The voice on the other end of the phone was Tonya James, a five-year patrol veteran of the JCPD.

“There’s a woman who claims she was gang-raped by at least three ETSU football players at a party last night,” James said.

“And?”

“The watch commander wants you to take the interview and get a statement. I took her to the hospital and they did a rape kit. They’re just finishing up, but she’s a little strange. There were some problems with her story.”

“What kind of problems?”

“Details. Important things. Like what time she arrived at the party, what time she was raped, how long she was raped, what time she left, exactly how many attackers there were. She can’t describe them. Then there’s the fact that she’d been hired to strip at the party.”

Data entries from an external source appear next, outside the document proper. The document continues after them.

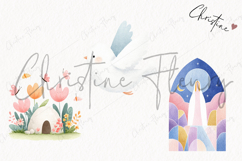 Watercolor Christian Easter Clipart | Easter PNG Product Image 3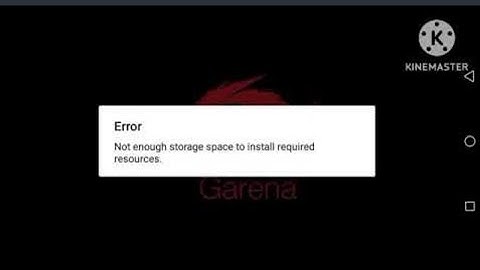 How To Fix Not Enough Storage Space to install required resources Problem Solved|| today video||100%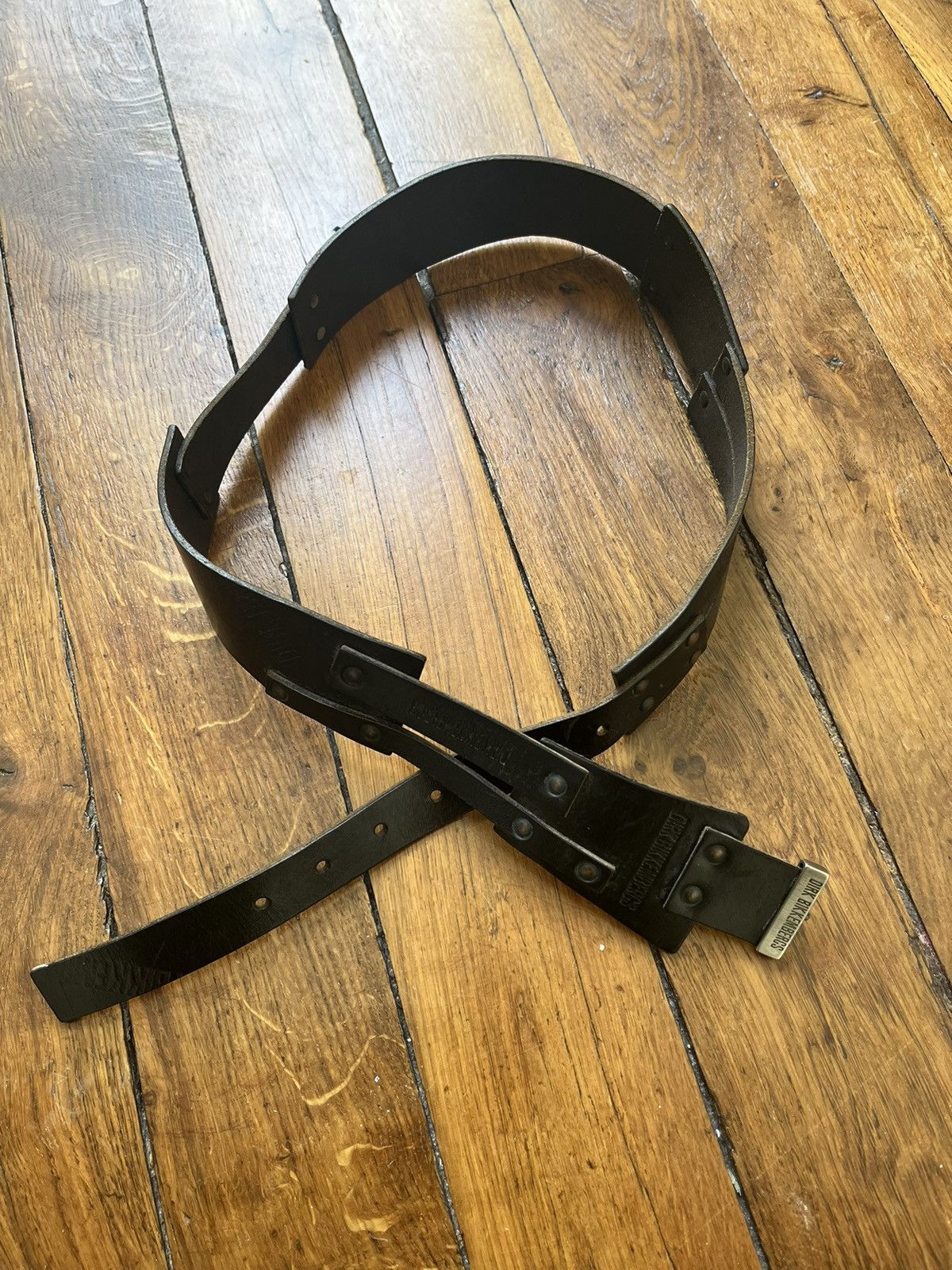 小物 1990s DIRK BIKKENBIRGS lether belt Dirk Bikkembergs 1990s Leather Belt | Grailed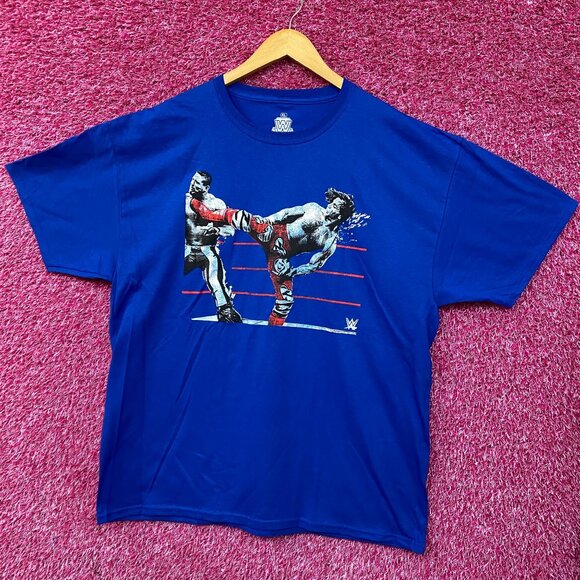 WWE Shawn Michaels The Heartbreak Kid HBK Sweet Chin Music Kick T-Shirt XL - Picture 3 of 4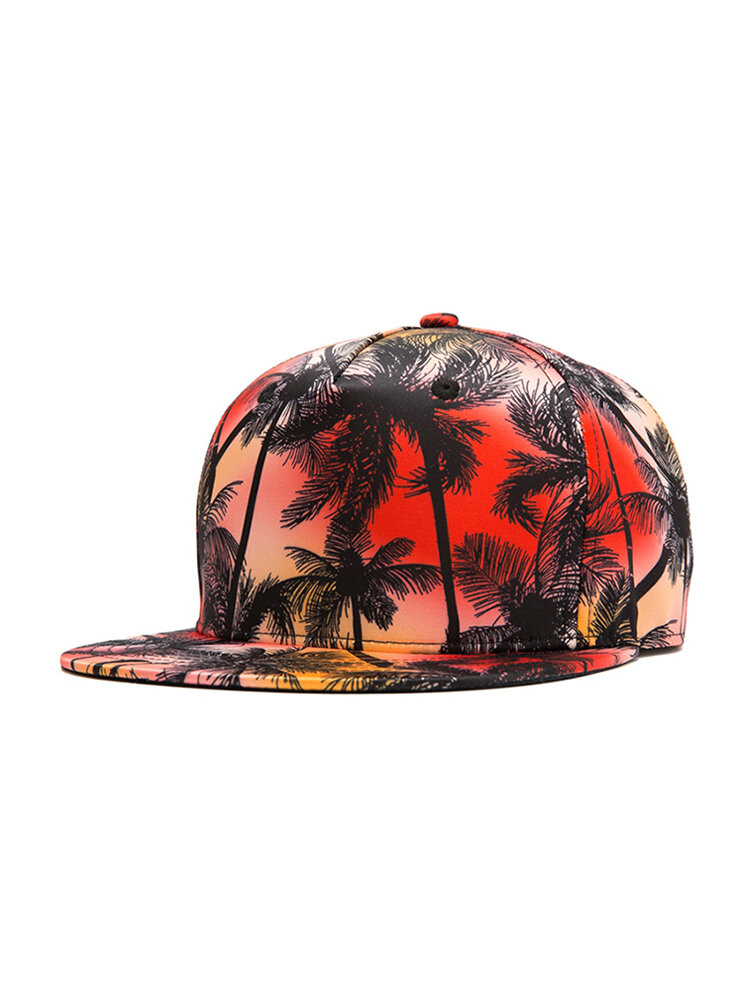 Woman Men Tropical Wind Coconut Flat Hat Leaf Hip Hop hat Baseball Cap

“Sounds to me like you don’t believe her,” Riddle said.

“She didn’t mention being raped until she figured out I was taking her to Woodlawn for a mental evaluation. I ran her name through a couple of databases and talked to a guy at the Carter County Sheriff’s Department because she lives over there. She’s had some problems in the past. The guy I talked to in Carter County thinks she’s got a screw loose.”